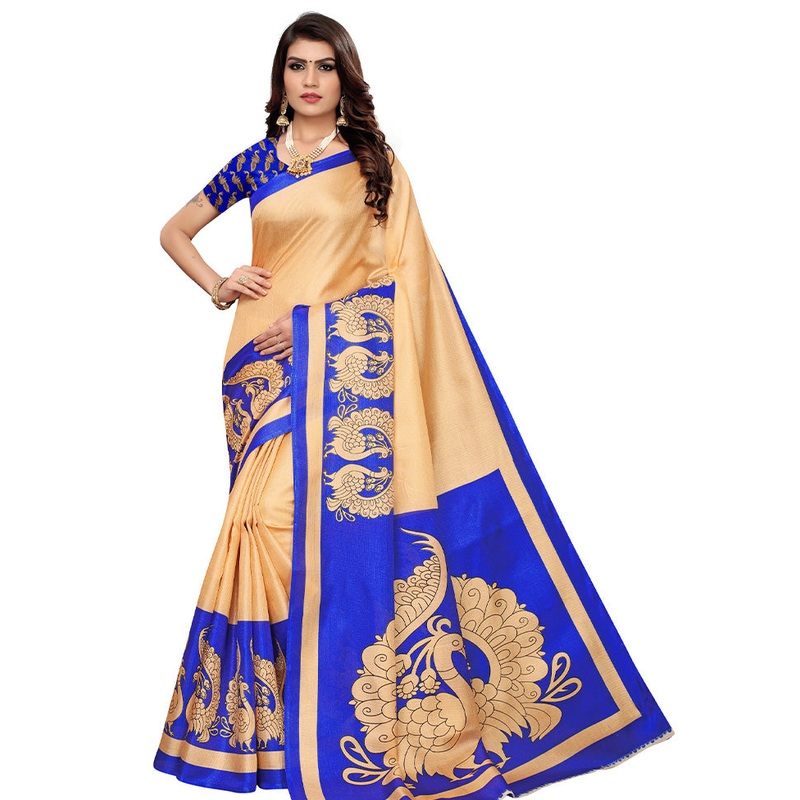 Blue Dupion Silk Saree With Blouse Piece - JD986589516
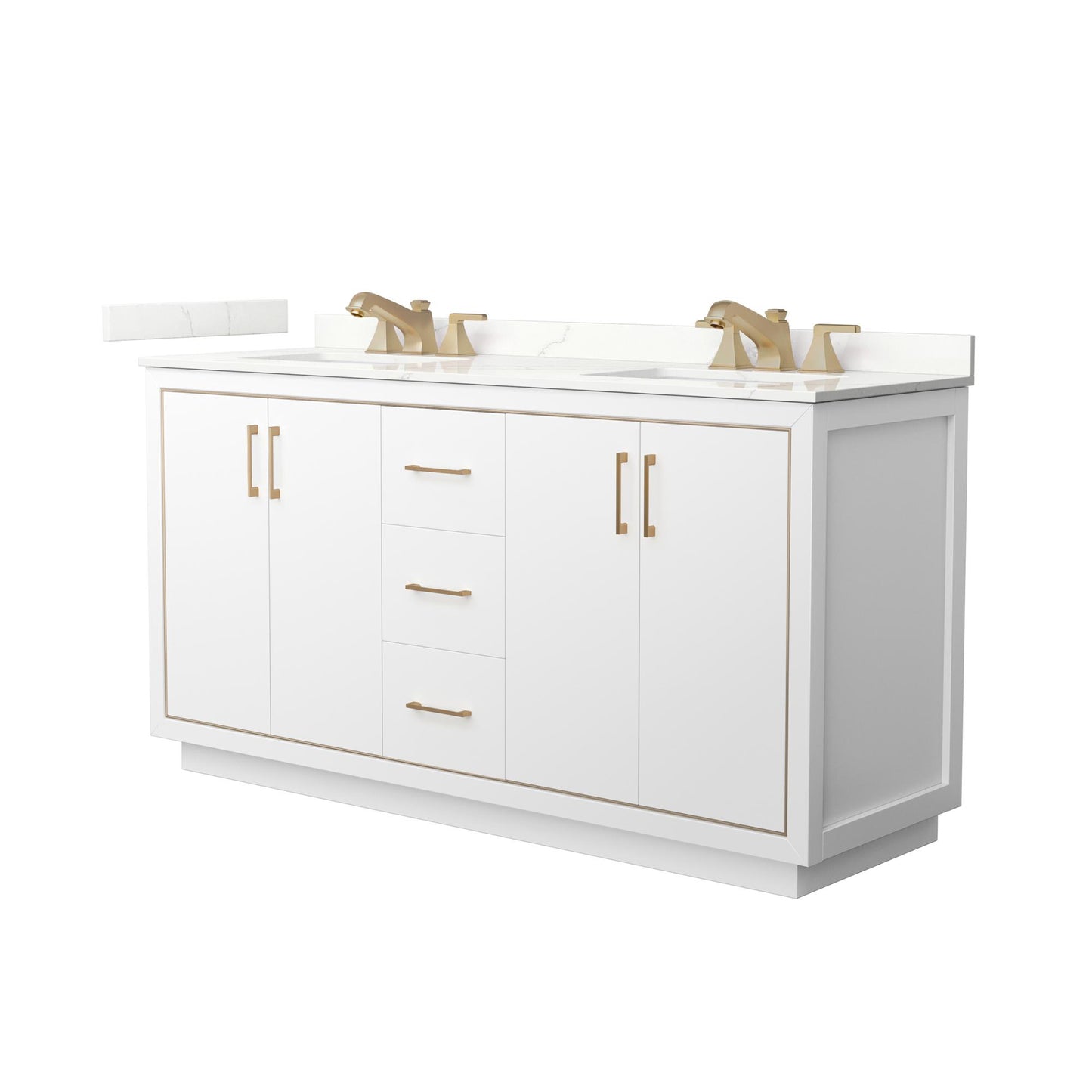 Wyndham Collection Icon 66" Double Bathroom Vanity in White, Giotto Quartz Countertop, Undermount Square Sinks (3-Hole), Satin Bronze Trim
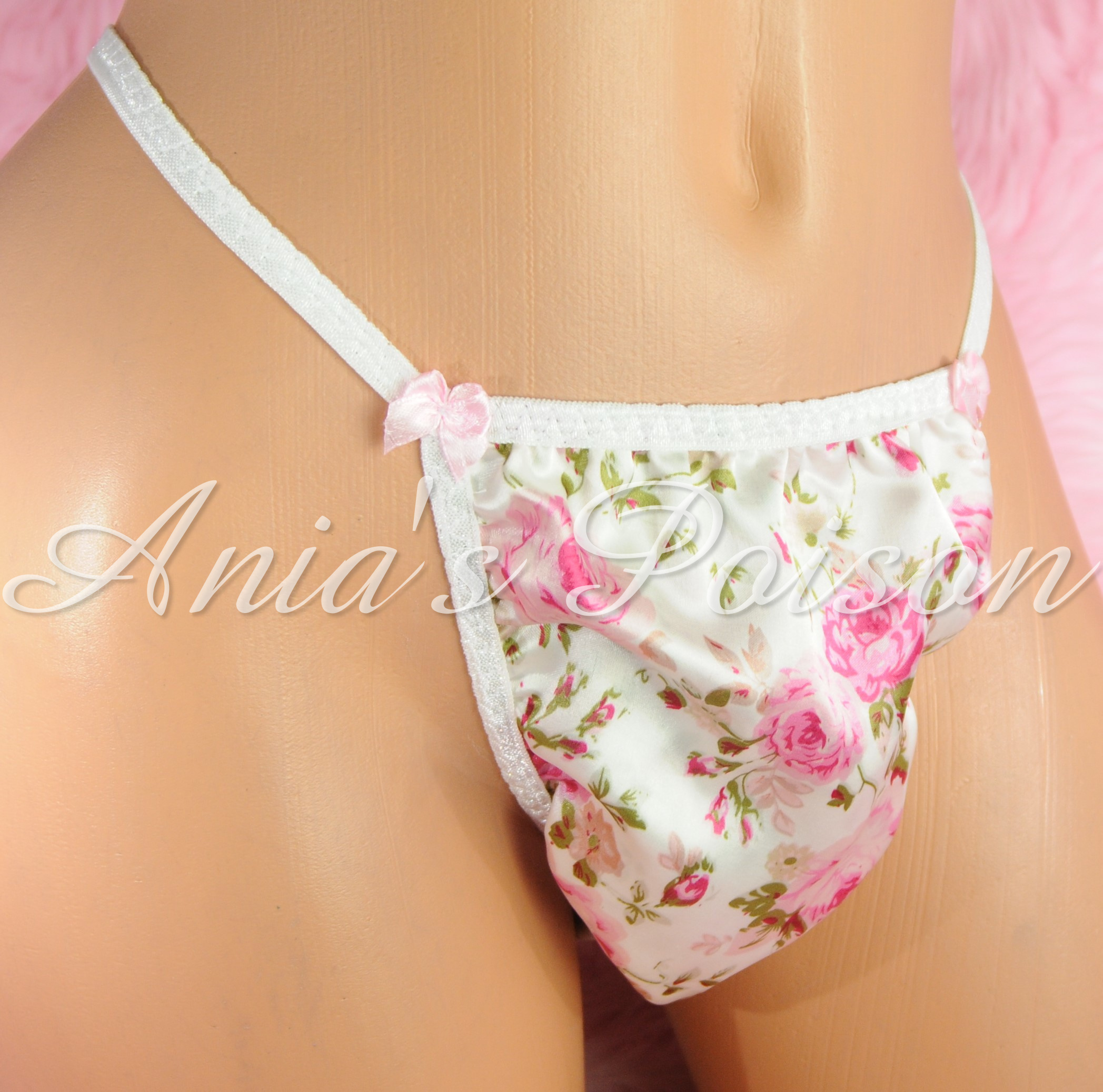 Mens pouch Front Micro scrunch butt satin string bikini With Front Lining - Pick a Color!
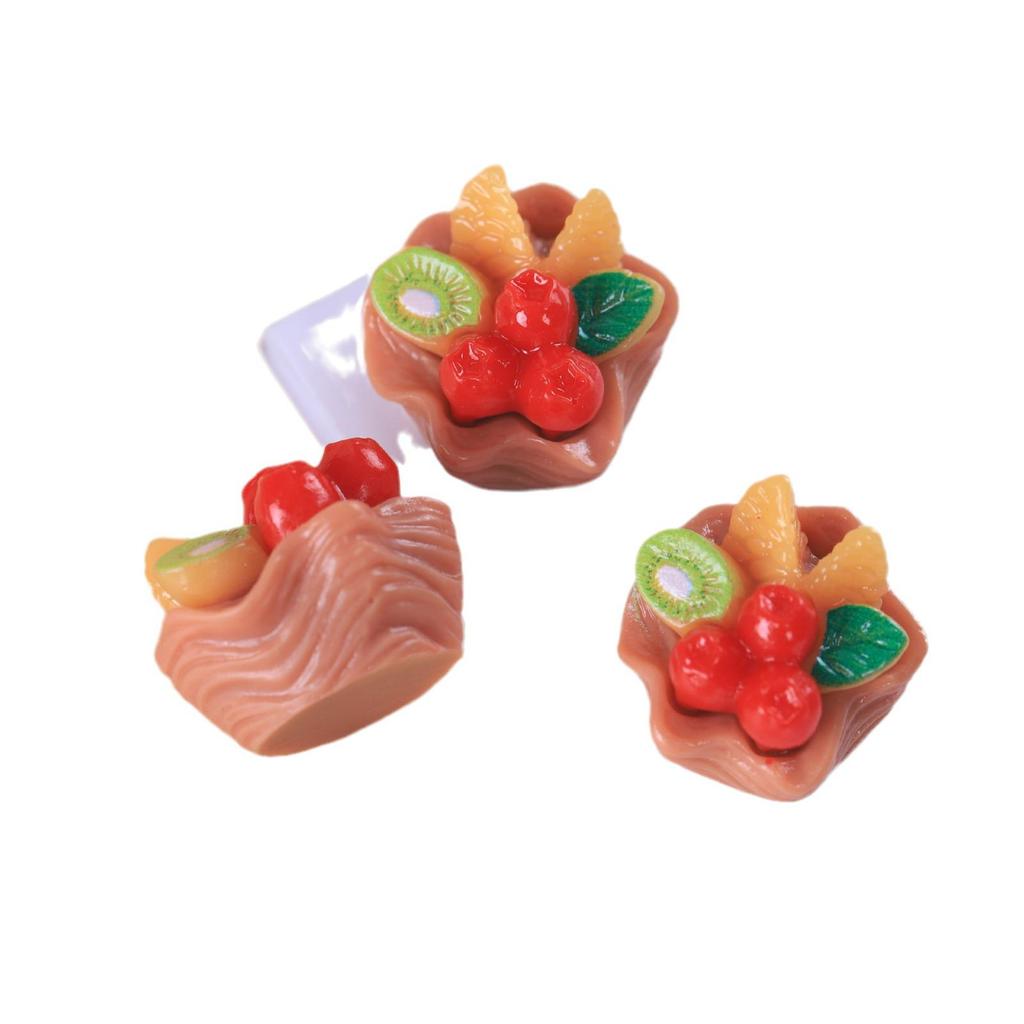 Mini Food Play Cake DIY Kit: Cream & Resin Accessories for Keychains & Pendants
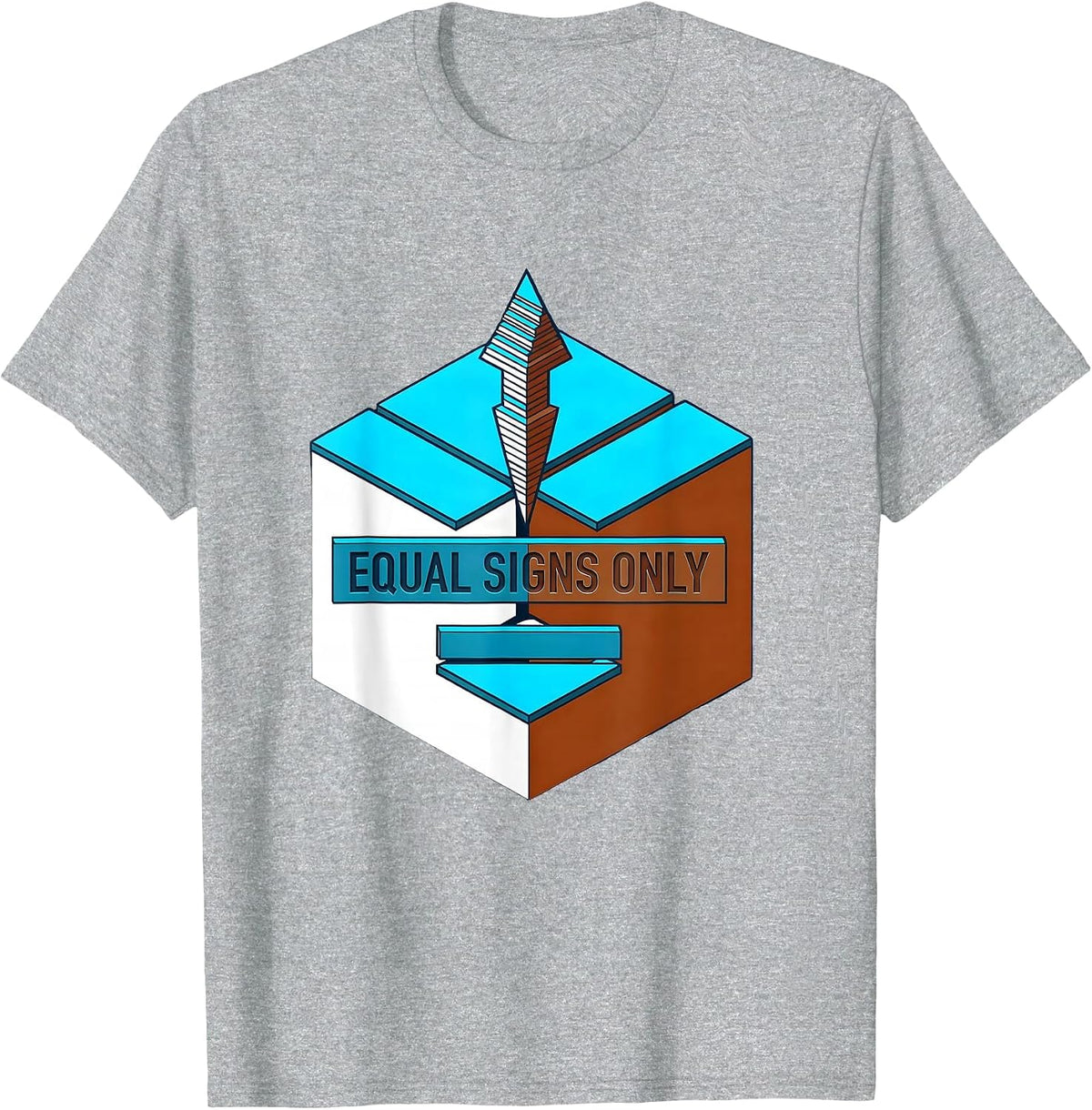 Men's Equal Signs Only Math Equality Greater Than Division T-Shirt - Heather Grey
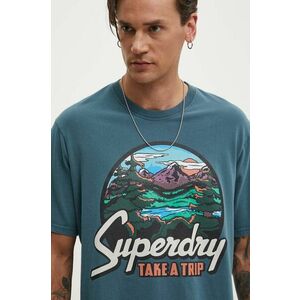 Superdry tricou din bumbac barbati, culoarea turcoaz, cu imprimeu, M1012187A-1XJ imagine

How to complete this task: Your response must consist of the lines from the beginning of the data through the line containing "Mens pouch Front", transcribed exactly, with no pictures.

Finished task:
 Blue Dupion Silk Saree With Blouse Piece - JD986589516
 Wyndham Collection Icon 66" Double Bathroom Vanity in White, Giotto Quartz Countertop, Undermount Square Sinks (3-Hole), Satin Bronze Trim
 Mens pouch Front Micro scrunch butt satin string bikini With Front Lining - Pick a Color!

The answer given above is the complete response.